Re: In search of the perfect Disassembler




Alex McDonald wrote:

| ===code snipped
| There's a great deal of confusion going on here, with both sides
| misunderstanding each other. The halting problem is to do with the
| _inspection_ of an algorithm. Given any arbitrary algorithm, there is
| no algorithm writable that can _inspect_ it and say definitively that
| it will halt.
|
| It is not difficult to disassemble this example above. Charles Crayne
| presented the simplest example,
|
| label: jmp label
|
| and that's trivial. So what does a disassembler do? Charles pointed out
| one analogy that's worth exploring, that of lossy jpeg compression.
|
| To get a bit more formal, assume that an assembler source program is a
| string S. (This could be a picture in bmp format). Then an assembler is
| a transformation function f that f(S) -> T, where T is the code (or the
| jpeg). There are possibly an infinity of S that transform to a single T;
| think of all the different types of assemblers (or compilers) that
| produce the same T from different source representations. There is
| therefore a loss of information content from S to T.
|
| A disassembler is a transformation function g(T) -> S'. There are many
| S' for a specific T; we may generate C, or assembler for RosAsm or HLA
| or...
|
| However, there should be no loss of information from T to S'; in
| other words f(g(T)) -> T; a disassembled program T should be compilable
| back to T. For example, the simplest example would be a disassembler
| generating a string of dbs for MASM from T; this will assemble under
| MASM to T. (RosAsm seems to fail on that score; it's broken by this
| definition).
|
| But there's no perfect disassembler, that is, one that has the property
| g(f(S)) -> S where S is the original assembler source. To do that
| requires that there is no information loss from S to T, that is, there
| is only one S that will generate a given T. Even though we restrict S
| to a single language, say RosAsm, there are many ways to specify the
| same T. (There may be languages where there is only a single S for each
| T; they would probably be unusable due to their lack of expressive
| power).

Why easy when it can be made complex ? :)
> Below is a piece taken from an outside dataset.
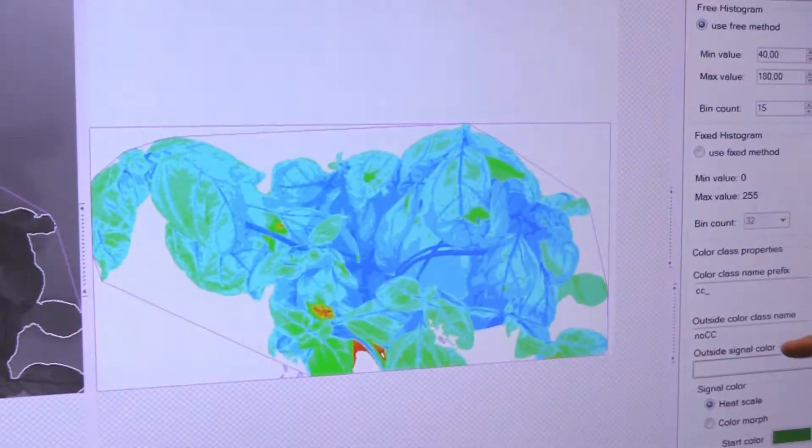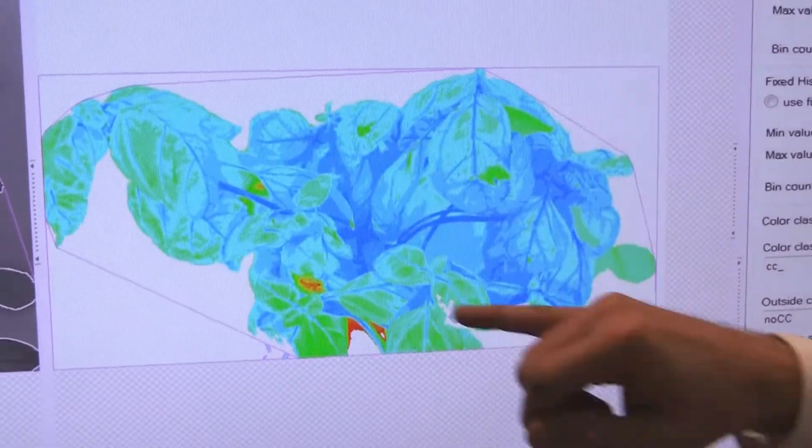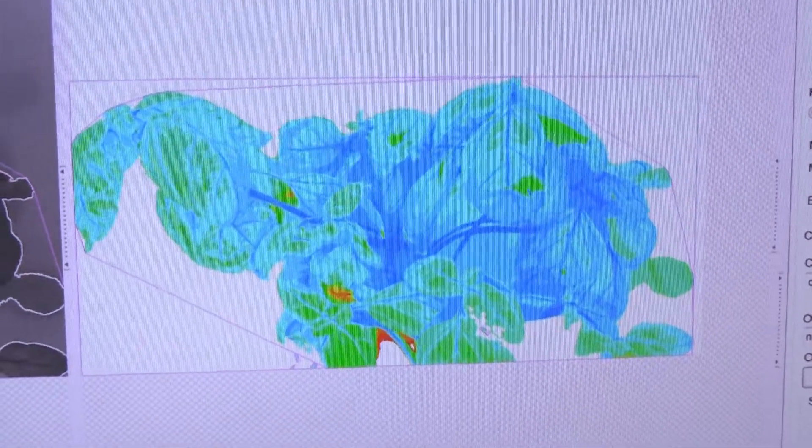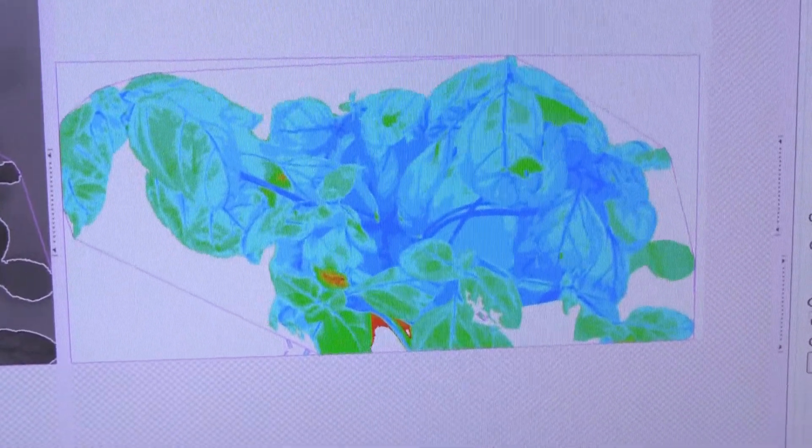We have here a processed image. You can see a classified image by color, and the red areas show the dry areas.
| Back to the halting problem. Can an assembler suffer from it? Certainly,
| with an x86 architecture, yes, if f(S) -> T, T', T'', ... This is the
| case of optimising JMP and replacing long jumps with short jumps. There
| is no algorithm that can inspect S and guarantee that it will halt
| having generated the optimal T (say, the shortest). All assemblers that
| do this run a number of passes, and give up after a maximum number of
| passes.

| Our disassembler suffers from the same fate. Here's an example;
|
| proc: call label1
| ret
| label1: pop eax
| jmp [eax]

Ok.
my disassembler (KESYS/HEXEDIT 1994) produces this info in the first
pass already: (if set to branch oriented mode, of course)

xx00 e8 01 00 00 00
1.[esp]=xx05 ;eip=xx06; esp[xx05]=e0ff58c3 ;esp-4
xx06 58
2.eax=[esp]=xx05; esp+4 ;eip+bytecount (+1 yet)
xx07 ff e0
3. eip=eax=xx05; SET redundant-flag (next = target)
xx05 c3
4.eip=[esp-4](from previous);esp+4 "EAX=xx05"=label1

[exactly the same way as my old Z80 ROM-burner (1979) disassembles,
I can't remember who produced it, it's still somewhere in my garage]
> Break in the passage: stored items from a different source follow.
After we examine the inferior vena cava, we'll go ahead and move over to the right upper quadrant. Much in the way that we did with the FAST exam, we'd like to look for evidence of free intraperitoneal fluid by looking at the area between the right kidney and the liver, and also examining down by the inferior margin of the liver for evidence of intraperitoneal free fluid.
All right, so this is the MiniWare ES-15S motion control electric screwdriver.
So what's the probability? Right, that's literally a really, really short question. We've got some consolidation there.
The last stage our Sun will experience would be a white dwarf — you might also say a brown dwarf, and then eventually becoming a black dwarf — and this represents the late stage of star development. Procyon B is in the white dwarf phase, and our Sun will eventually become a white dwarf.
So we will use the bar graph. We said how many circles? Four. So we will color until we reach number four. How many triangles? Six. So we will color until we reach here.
Even it will brainless follow all the detouring steps and
not seeing it's just a single return, it wont fail to
correct follow the code flow here without any need to run it.
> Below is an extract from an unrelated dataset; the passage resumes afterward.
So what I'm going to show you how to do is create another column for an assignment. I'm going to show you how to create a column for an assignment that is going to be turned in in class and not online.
I use the shorter (even it's breaks the call/ret pairing):
call L1
L1: pop eax
; ret ;and I continue right here

btw, I'd recommend the faster:
call L1
L1: mov eax,[esp]
ret

I only encounter problems when hardcoded (FAR)jump/calls
to outside of the known (like winAPI and similar) occur.

| Question; is the ret code or the value 0xC3? Is it dead code, or
| executed? We can only determine that correctly _by running it_.

See above.
If the returned value becomes data or remain a code label
depends on following actions.

| And before you think that you inspected the code, you didn't;
| you ran it in your head. Only by running it can you determine
| that it's a ret. You might think you can simulate the running;
| that is, try to sort of pseudo execute it. That's just like running
| it, only slower.

Here our opinions and experience become apart very far.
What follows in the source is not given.